»»

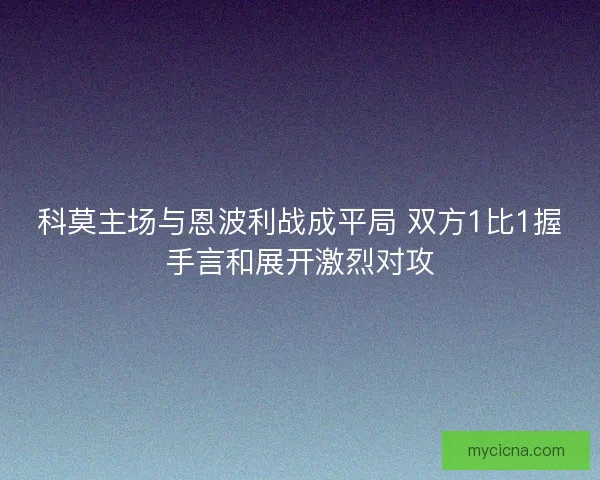 科莫主场与恩波利战成平局 双方1比1握手言和展开激烈对攻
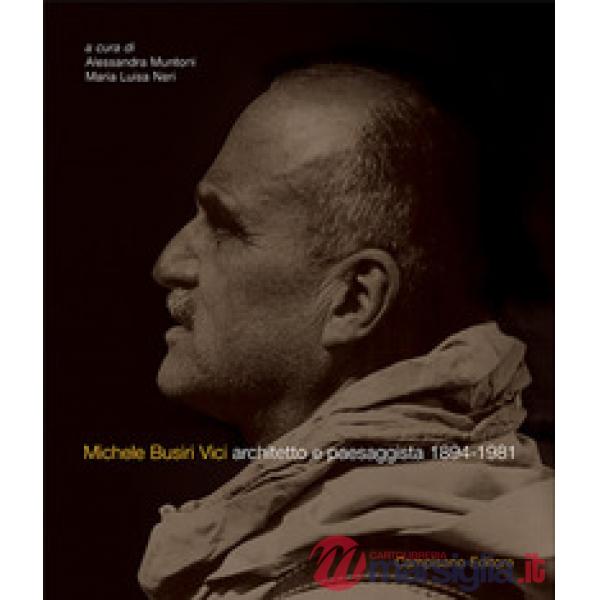 Michele Busiri Vici. Architetto e paesaggista 1894-1981. Ediz. italiana e inglese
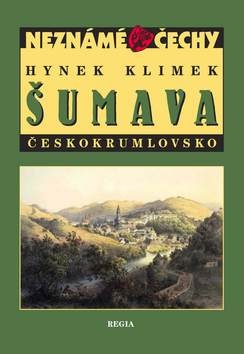 Šumava Českokrumlovsko (Hynek Klimek)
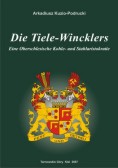 Die Tiele-Wincklers. Eine oberschlesische Kohl- und Stahlaristokratie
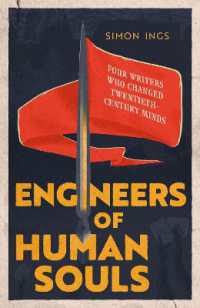 Engineers of Human Souls : Four Writers Who Changed Twentieth-Century Minds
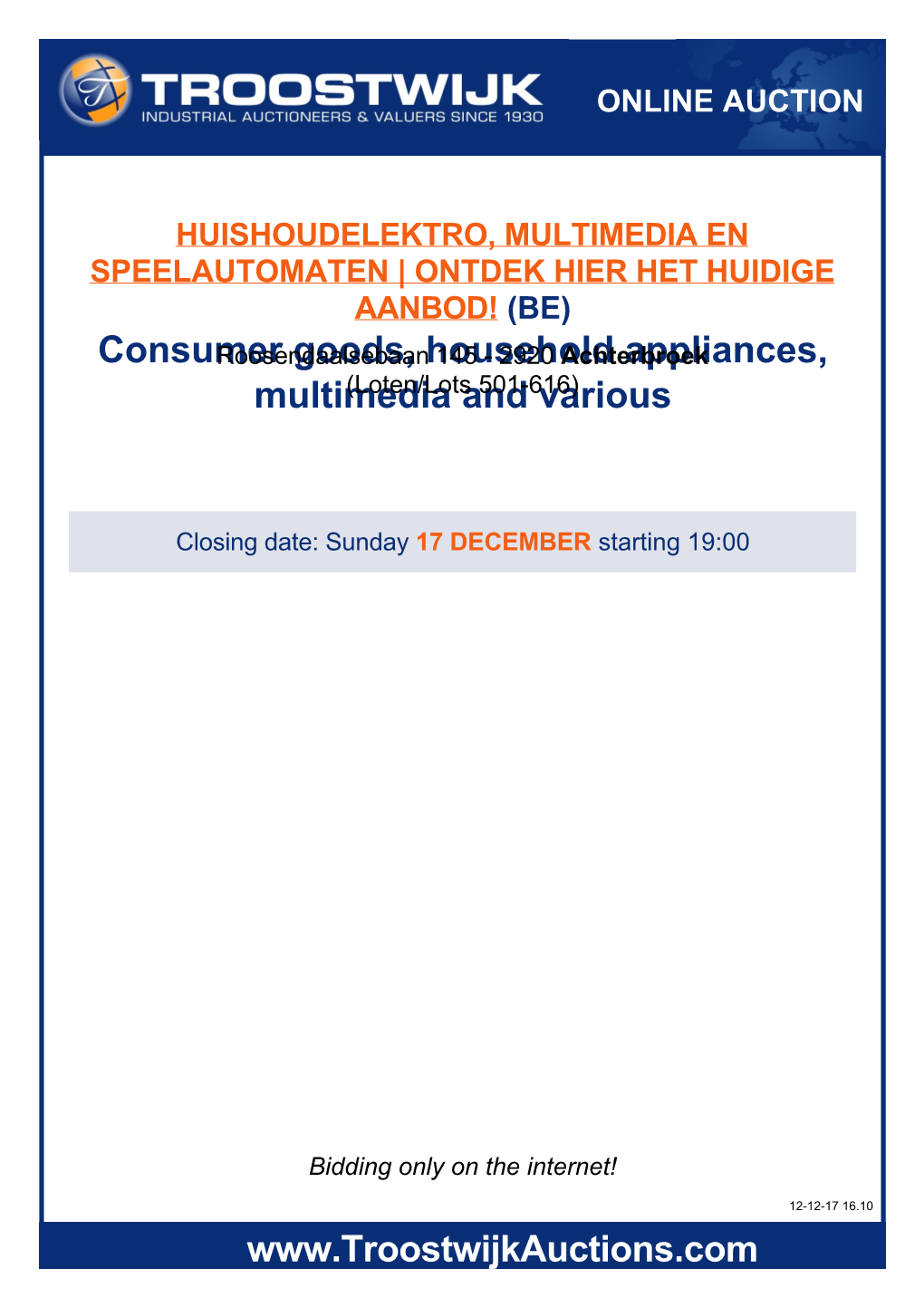 Consumer Goods, Household Appliances, Multimedia and Various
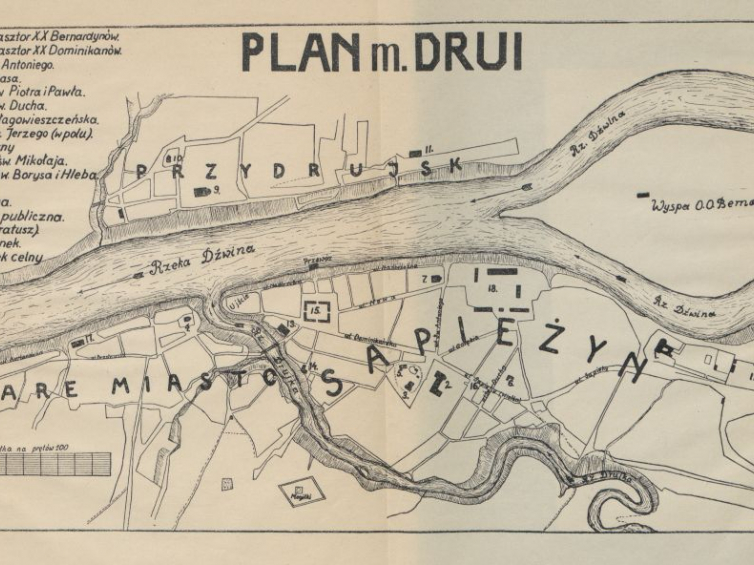 Plan miasta Drui. Źródło: Otton Hedemann, „Druja magdeburskie miasto”, Wilno 1934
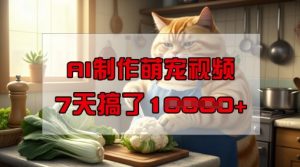 靠AI制作萌宠视频，操作简单门槛低，有手机就行，7天搞了1W-必智轻创社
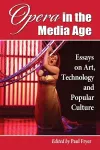 Opera in the Media Age cover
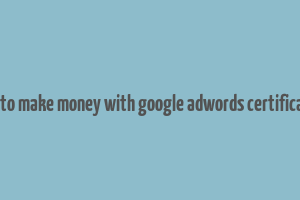 how to make money with google adwords certification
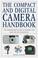 Cover of: The compact and digital camera handbook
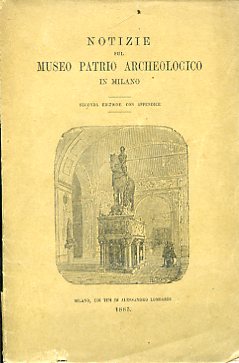 Notizie del Museo Patrio Archeologico in Milano. Seconda edizione con …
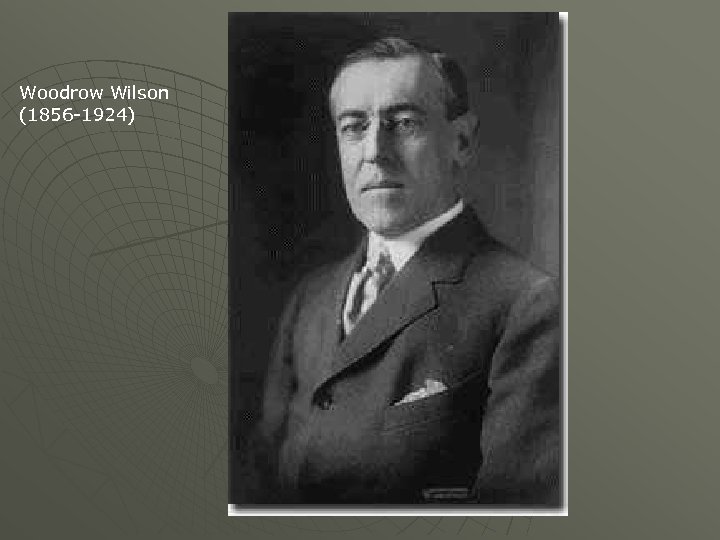 Woodrow Wilson (1856 -1924) 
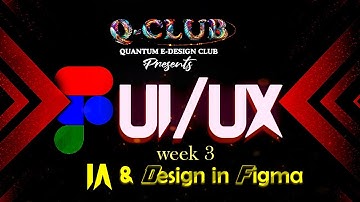 Information Architecture and Basics of Figma  [Week-3] | Q-Club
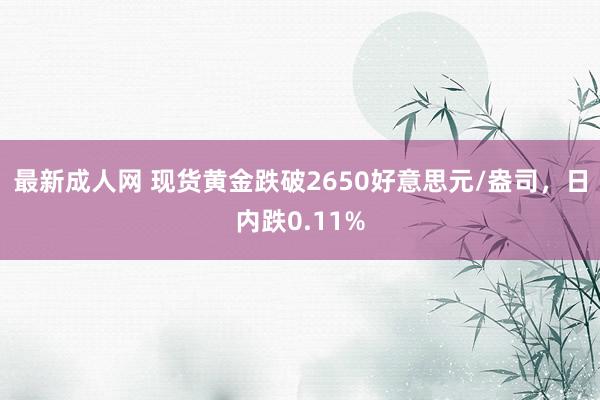 最新成人网 现货黄金跌破2650好意思元/盎司，日内跌0.11%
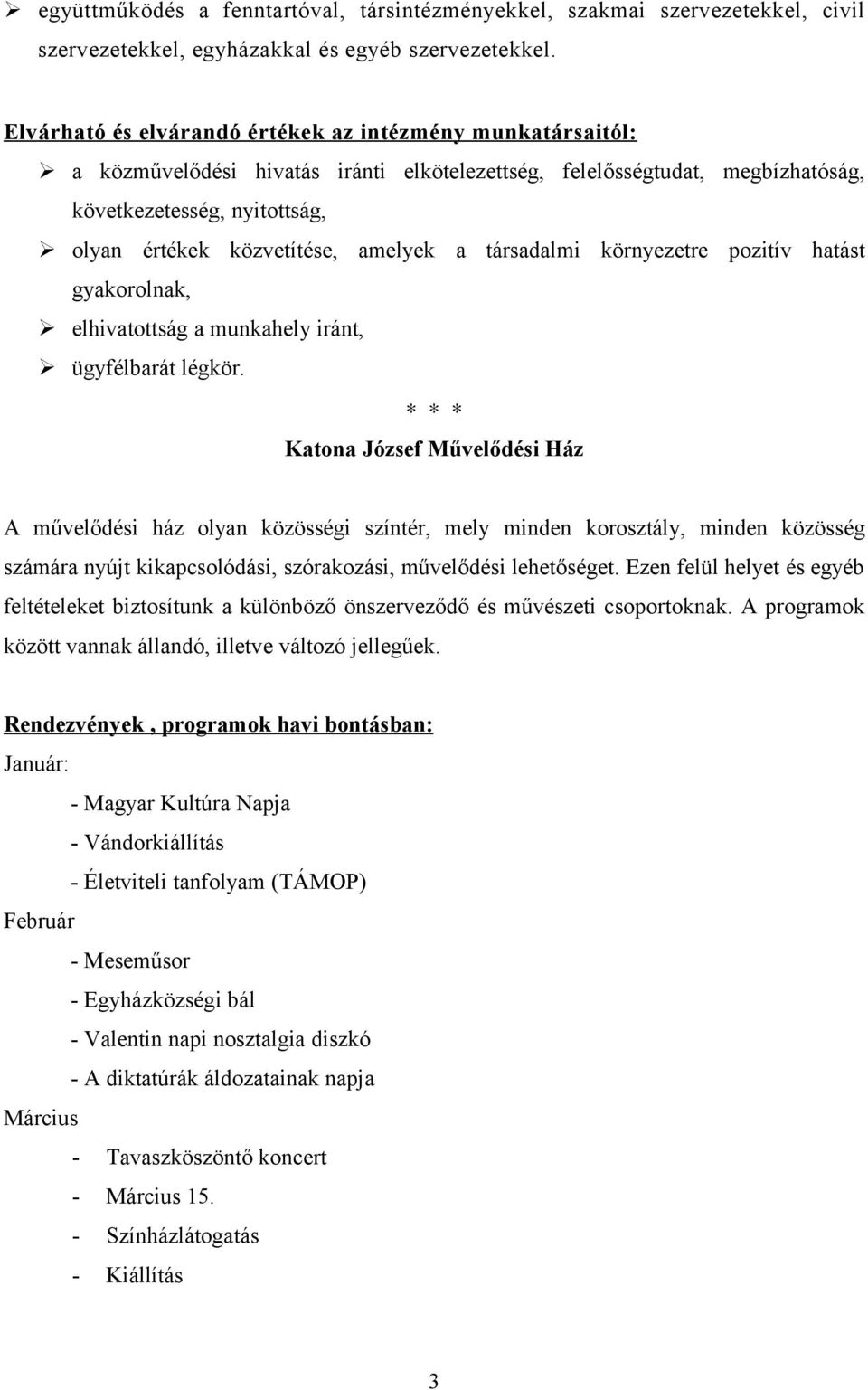 amelyek a társadalmi környezetre pozitív hatást gyakorolnak, elhivatottság a munkahely iránt, ügyfélbarát légkör.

««

**Your instructions:**
All of the material above must be given again verbatim, except for the pictures.

**Response to this task:**
 科莫主场与恩波利战成平局 双方1比1握手言和展开激烈对攻
 Michele Busiri Vici. Architetto e paesaggista 1894-1981. Ediz. italiana e inglese
 Šumava Českokrumlovsko (Hynek Klimek)
 Die Tiele-Wincklers. Eine oberschlesische Kohl- und Stahlaristokratie
 Engineers of Human Souls : Four Writers Who Changed Twentieth-Century Minds
 Consumer Goods, Household Appliances, Multimedia and Various
 Plan miasta Drui. Źródło: Otton Hedemann, „Druja magdeburskie miasto”, Wilno 1934
 靠AI制作萌宠视频，操作简单门槛低，有手机就行，7天搞了1W-必智轻创社
 Opera in the Media Age cover
 how to make money with google adwords certification
 Cover of: The compact and digital camera handbook
 Notizie del Museo Patrio Archeologico in Milano. Seconda edizione con …
 Woodrow Wilson (1856 -1924) 
 Information Architecture and Basics of Figma  [Week-3] | Q-Club
 最新成人网 现货黄金跌破2650好意思元/盎司，日内跌0.11%
 amelyek a társadalmi környezetre pozitív hatást gyakorolnak, elhivatottság a munkahely iránt, ügyfélbarát légkör.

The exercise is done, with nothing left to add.